Alongside a cast of actors who hail from the MENA region, the Oscar-nominated 127 Hours star recently wrapped on Karantina, which is being shopped for the first time at Mipcom Cannes this week. Hasak told Deadline he hopes the “gamechanger” crime drama will “do for MENA what Fauda did for Israel and Squid Game did for Korea.”
Based on the German series Tempel, Franco plays an American laying low from the FBI in Beirut who has opened a club called the Miami Rainbow Club, a “taste of Americana,” according to Hasak.
The show’s lead is Yaqoub Al Farhan as Dahab, who is released from jail and promises his paraplegic wife and teenage daughter that he will never return to a world of crime, instead taking a job as an elderly caregiver. But when his daughter’s expensive violin is smashed by a gang who wants to evict his family and have their area gentrified, Dahab’s life is sent spiraling as he attempts to gather enough money to buy a new violin.
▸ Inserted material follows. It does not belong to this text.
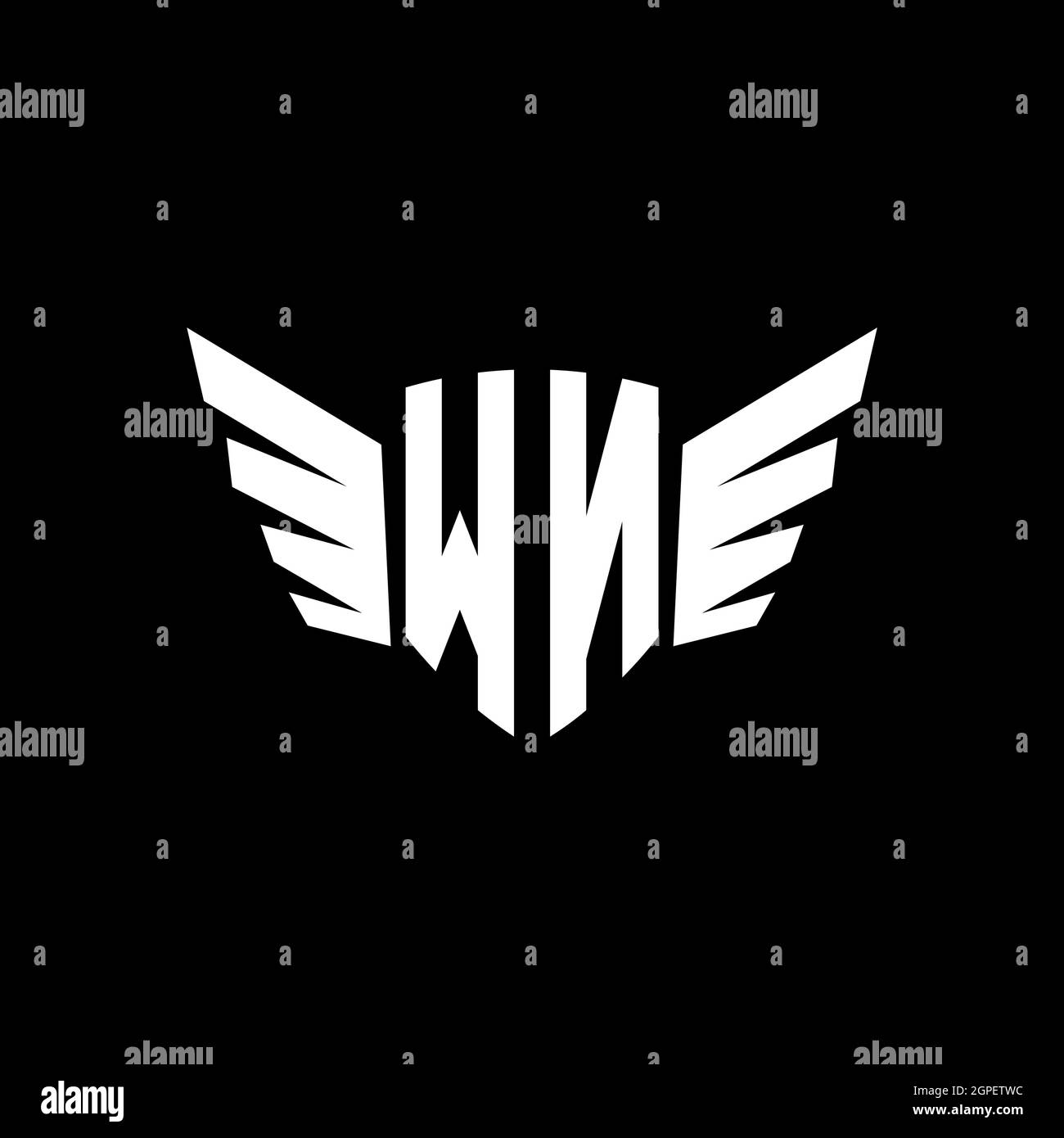 WN Monogram Logo geometric initial with wing shape style design ...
Joining Al Farhan are Reham Alkassar, Yasmina El Abd, Cynthia Khalifeh, Nicolas Mouawad and Earl Cave.
Joining with Dan March’s Dynamic Television, Hasak said he had first pondered setting the show in Detroit and pitching it to U.S. buyers before he settled on MENA. Asacha Media Group and MBC are also attached.“The themes are so universal when you think about gentrification and a father living at the bottom of the social ladder,” added Hasak. “So this is a family-first show, a crime show.”
Hasak said he was inspired by the work of Capernaum director Nadine Labaki, the first female Arab director to be nominated for an Oscar, and was in awe of her “Lebanese films in the style of Italian neo-realism that don’t condescend but offer a realistic, heartfelt perspective of the working poor.”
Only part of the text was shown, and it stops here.